The speakers this year seemed to return again and again to several major themes: (1) Is any particular connected health solution scalable? (2) Who will pay for connected health, or mobile health (mHealth)? and (3) Does it work?

These issues are, of course, interconnected.  With the current ACO (Accountable Care Organization) feeding frenzy, and expectations of health reform's full implementation as background, there was a palpable sense, or hope, that all this health-tech-geeky goodness will be snapped up by the ultimate payors for health care. 

Who the ultimate payors are depends on your vision of the future.  Is it health care providers, who will be squeezed by bundled payment demos and mainstream Medicare payment changes coming down the pike under the Affordable Care Act?  Providers have an incentive to save more money than they'll be losing through payment reform under the ACA (and perhaps even the implementation of the SGR [link is to a post on the subject from over a year ago; Congress still hasn't faced the music]-- the latest "doc fix" is slated to expire after the election and fall in the laps of the lame duck Congress).  Is it health care insurers, who are being squeezed by state regulators?  Consider, for example, the recent Massachusetts experience with the Connector -- the model for state insurance exchanges -- and the governor insisting on limited rate increases, with the dispute ending up in court.  Is it premium-paying or self-insured employers?  Is it consumers, or patients?

In addition, the future of ACOs and the rest of health reform implementation is a little unssettled, to say the least.  The law has been thrown to the courts in a series of constitutional challenges, and will be thrown to a new Congress in January.  So even if an investment in some of these systems could eliminate a significant chunk of a physician practice's overhead expense, who's going to invest those up-front dollars right now?

Some of the pricey hi-tech solutions raise my perennial question as well: How many childhood vaccines could we buy with that money?  Roni Zeiger of Google Health tweeted a similar comment attributed to Bill Gates during a presentation on genome sequencing: "I'll get my genome sequenced after we cure the top 20 infectious diseases."

In short, there is recognition that some connected health tools can have a positive impact on health status of individuals and populations, but the key questions center on the cost-effectiveness of those interventions.

One speaker, B.J. Fogg, of the Standford Persuasive Technology Lab, said: "Many crummy trials beat deep thinking," encouraging folks to continue to throw stuff against the wall and see what sticks.  I would take issue with this approach.  For example, the home monitoring devices I described above only upload data to their own proprietary software.  Only one vendor (Intel) seemed to be close to designing an interoperable interface to standard PHRs.  It seems to me that this is a key feature of any such system, and the sooner the vendors adopt this thinking, the sooner they will be able to demonstrate the utility of their products and grow their markets.

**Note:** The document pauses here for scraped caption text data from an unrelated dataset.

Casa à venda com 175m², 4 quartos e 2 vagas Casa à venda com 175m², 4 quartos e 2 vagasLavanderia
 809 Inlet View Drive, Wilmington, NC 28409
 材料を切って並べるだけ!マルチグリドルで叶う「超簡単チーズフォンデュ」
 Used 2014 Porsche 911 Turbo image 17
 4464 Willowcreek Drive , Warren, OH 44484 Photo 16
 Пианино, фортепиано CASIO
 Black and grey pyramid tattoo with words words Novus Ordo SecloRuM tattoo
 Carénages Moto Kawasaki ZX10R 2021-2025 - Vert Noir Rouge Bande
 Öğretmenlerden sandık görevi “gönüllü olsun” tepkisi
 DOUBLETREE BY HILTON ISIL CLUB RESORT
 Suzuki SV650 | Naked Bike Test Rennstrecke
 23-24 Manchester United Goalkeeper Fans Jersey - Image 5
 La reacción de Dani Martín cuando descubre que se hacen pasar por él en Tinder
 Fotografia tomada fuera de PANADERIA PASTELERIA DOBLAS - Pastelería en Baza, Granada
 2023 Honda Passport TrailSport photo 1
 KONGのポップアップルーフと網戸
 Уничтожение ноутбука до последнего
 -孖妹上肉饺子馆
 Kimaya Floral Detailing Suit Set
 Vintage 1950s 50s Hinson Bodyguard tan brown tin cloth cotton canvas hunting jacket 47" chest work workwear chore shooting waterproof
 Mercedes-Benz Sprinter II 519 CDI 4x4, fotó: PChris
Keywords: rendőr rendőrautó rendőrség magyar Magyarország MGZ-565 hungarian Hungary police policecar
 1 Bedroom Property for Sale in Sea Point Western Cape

On the "Does it work?" front, many speakers addressed the issue of behavior change.  All of the tools discussed at the symposium are, in essence, intended to make change in personal behaviors easier to accomplish.  While much of the behavior change discussion was laced with paternalism, it had, at its core, a remarkable patient-centered orientation.  This orientation was emphasized by a discussion on process and outcome measures of the future, to be used as a means for calculating incentive payments to health care providers.  One speaker insisted that the most useful measures will be patient-centric measures: patient satisfaction, patient compliance, etc.  The difficulty lies in reaching the point where patient and consumer behavior is being changed appropriately. 

This raises the question: How do we reach consumers?  What incentives will people resond to?  What options do we need to present to individuals, and how?

Sheena Iyengar delivered a terrific keynote on choice, making the point that in our society we have too many choices -- about everything: breakfast cereal to jam to mutual funds in our retirement plans to Medicare Part D plans.  Research shows that the optimal number of choices to lay out before human beings is 7+2, and that more choice results in no choice at all being made -- no mutual funds selected for retirement, no Medicare drug supplement plan selected to help with prescription medication costs.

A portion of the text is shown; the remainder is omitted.